Detention Center. The Arlington County Detention Center is a 650-bed jail, which employs almost 200 full-time staff. Built in 1994, it is one of the County’s largest facilities with a square footage of 434,000. The ultimate in high-occupancy 24/7 operation, the Detention Center has unique requirements that result in high energy use, including continuous ventilation, a high volume kitchen and laundry. In November 2009, the County completed work on an energy-savings performance contract that produced significant reductions in electricity and water use in the Detention Center.
ConEd Solutions, the energy service contractor, completed extensive lighting retrofits, replaced virtually all plumbing fixtures, upgraded the building automation system and installed new heat recovery ventilators. As a result, energy use decreased 10 percent, which translates to reduced carbon emissions of more than 800 metric tons of CO2 equivalent in 2012. This is more than $100,000 in savings and equivalent to removing 175 cars from the road or to sequestering carbon by 700 acres of forest for one year. In addition, replacing plumbing fixtures reduced water consumption by more than 60 percent, thus saving 20 million gallons of water and reducing water and sewer costs by more than $250,000 per year.
The Detention Center shares an underground garage and some mechanical systems with the Courts Police building next door. Together, as the Arlington County Justice Center, it has earned the ENERGY STAR label three times (2010, 2012 and 2013) and demonstrated continued excellence in energy performance.
In 2012, Arlington County joined the US Department of Energy’s Better Buildings Challenge to continue leading by example.
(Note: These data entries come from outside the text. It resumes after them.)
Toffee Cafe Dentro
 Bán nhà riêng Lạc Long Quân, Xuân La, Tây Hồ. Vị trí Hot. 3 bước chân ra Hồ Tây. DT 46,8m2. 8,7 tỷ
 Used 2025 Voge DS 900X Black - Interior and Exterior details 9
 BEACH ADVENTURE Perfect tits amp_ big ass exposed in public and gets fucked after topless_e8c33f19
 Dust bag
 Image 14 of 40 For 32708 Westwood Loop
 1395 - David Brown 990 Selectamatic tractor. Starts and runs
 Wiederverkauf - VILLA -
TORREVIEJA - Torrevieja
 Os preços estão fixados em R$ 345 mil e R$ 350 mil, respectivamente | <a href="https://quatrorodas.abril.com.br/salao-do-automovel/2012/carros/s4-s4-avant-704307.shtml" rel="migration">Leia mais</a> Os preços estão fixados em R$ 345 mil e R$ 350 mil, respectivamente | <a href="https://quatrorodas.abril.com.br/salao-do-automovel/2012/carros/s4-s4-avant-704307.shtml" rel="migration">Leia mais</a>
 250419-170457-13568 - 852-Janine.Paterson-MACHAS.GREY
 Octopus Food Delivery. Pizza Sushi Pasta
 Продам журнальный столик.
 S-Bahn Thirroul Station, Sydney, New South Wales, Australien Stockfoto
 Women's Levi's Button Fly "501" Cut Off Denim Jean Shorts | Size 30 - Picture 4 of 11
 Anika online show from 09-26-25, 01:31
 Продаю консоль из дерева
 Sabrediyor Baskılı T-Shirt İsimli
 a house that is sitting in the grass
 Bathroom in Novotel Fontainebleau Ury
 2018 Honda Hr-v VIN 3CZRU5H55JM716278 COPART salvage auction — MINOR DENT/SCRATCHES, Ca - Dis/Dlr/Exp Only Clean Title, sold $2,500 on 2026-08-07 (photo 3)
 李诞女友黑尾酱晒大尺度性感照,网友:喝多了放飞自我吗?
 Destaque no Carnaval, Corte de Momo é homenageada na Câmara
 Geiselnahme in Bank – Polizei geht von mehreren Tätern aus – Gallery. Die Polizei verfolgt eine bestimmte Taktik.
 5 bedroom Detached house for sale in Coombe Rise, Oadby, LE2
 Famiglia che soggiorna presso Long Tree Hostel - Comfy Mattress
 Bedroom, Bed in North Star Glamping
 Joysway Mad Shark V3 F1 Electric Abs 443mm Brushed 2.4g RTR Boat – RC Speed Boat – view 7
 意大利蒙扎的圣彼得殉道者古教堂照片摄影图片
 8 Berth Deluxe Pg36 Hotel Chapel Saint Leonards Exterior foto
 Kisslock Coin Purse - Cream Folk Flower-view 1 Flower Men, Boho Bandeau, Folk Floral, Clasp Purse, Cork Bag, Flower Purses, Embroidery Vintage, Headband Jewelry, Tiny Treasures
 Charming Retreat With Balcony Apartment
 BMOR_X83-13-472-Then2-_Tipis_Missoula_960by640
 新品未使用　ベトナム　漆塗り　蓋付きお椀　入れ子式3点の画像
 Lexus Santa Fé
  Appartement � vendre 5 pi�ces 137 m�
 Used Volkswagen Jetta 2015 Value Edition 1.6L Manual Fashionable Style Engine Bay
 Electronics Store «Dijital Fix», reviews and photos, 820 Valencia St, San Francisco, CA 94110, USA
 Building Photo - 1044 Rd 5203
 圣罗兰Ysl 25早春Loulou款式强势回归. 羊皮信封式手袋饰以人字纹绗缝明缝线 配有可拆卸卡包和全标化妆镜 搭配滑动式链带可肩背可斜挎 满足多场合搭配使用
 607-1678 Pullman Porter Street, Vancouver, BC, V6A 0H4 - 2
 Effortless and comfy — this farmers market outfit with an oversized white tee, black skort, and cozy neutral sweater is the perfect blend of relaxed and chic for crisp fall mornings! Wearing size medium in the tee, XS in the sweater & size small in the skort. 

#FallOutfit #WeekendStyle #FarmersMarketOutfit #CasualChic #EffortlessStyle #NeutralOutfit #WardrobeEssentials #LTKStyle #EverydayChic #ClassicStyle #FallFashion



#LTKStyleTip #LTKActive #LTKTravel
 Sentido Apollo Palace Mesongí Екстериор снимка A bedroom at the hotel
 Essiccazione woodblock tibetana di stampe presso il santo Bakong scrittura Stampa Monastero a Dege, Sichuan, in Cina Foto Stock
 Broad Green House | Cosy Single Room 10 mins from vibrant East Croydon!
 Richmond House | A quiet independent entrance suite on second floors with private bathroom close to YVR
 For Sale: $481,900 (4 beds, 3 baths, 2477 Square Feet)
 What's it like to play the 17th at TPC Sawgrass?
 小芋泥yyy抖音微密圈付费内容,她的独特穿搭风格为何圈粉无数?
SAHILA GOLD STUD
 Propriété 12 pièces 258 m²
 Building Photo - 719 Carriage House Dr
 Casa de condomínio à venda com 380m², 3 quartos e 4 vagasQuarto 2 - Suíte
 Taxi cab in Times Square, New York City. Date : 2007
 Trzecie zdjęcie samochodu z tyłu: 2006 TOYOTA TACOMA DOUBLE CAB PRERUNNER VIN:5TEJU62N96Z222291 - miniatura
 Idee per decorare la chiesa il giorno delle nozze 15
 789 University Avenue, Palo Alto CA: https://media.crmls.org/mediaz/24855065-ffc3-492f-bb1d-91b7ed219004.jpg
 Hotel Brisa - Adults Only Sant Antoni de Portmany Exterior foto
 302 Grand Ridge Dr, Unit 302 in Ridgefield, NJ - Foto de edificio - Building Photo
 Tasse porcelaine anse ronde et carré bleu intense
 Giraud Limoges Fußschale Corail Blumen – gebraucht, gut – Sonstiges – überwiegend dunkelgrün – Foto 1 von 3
Within this voluntary commitment, the County government’s goal is to reduce its building portfolio energy intensity (energy per square foot) by 20 percent by 2020 compared to a 2009 baseline. This raises the bar for Arlington, thanks to gains in efficiency already achieved. However, the County plans to continue harvesting savings using evolving technology and best practices for “smarter” buildings. In addition to its own commitment, the County encourages participation in the Better Buildings Challenge by commercial properties and nongovernmental institutions. Greater energy efficiency benefits the entire community through reduced energy costs, improved resilience and capital improvements.
Arlington government greenhouse gas emissions comprise less than 3 percent of total county emissions. Therefore, community outreach is critical for long-term success. Reducing, tracking and managing emissions from government operations are big hurdles. But, beyond that, the County has no direct control, which is why connecting with the broader community became part of the AIRE mission as well:
The Arlington Initiative to Rethink Energy (AIRE) helps our community make smart decisions about energy and supports individual actions that improve and sustain Arlington’s quality of life. Through rethinking energy, we are committed to energy practices that will make Arlington County a more prosperous, healthful, safe and secure place to live, work and play. Come join us!
Everyone enjoys the benefits of a clean, healthy environment, a prosperous economy, dependable energy services and a safe and secure energy future. This is why AIRE supports Arlington residents, businesses and government in working toward these goals. Through various community outreach programs, such as the Arlington Green Games, Green Home Choice and the Green Building Program, AIRE provides resources and sponsors events to connect the community with goals and specific ways to achieve them. Above all, AIRE reminds everyone to “be smart; think less”.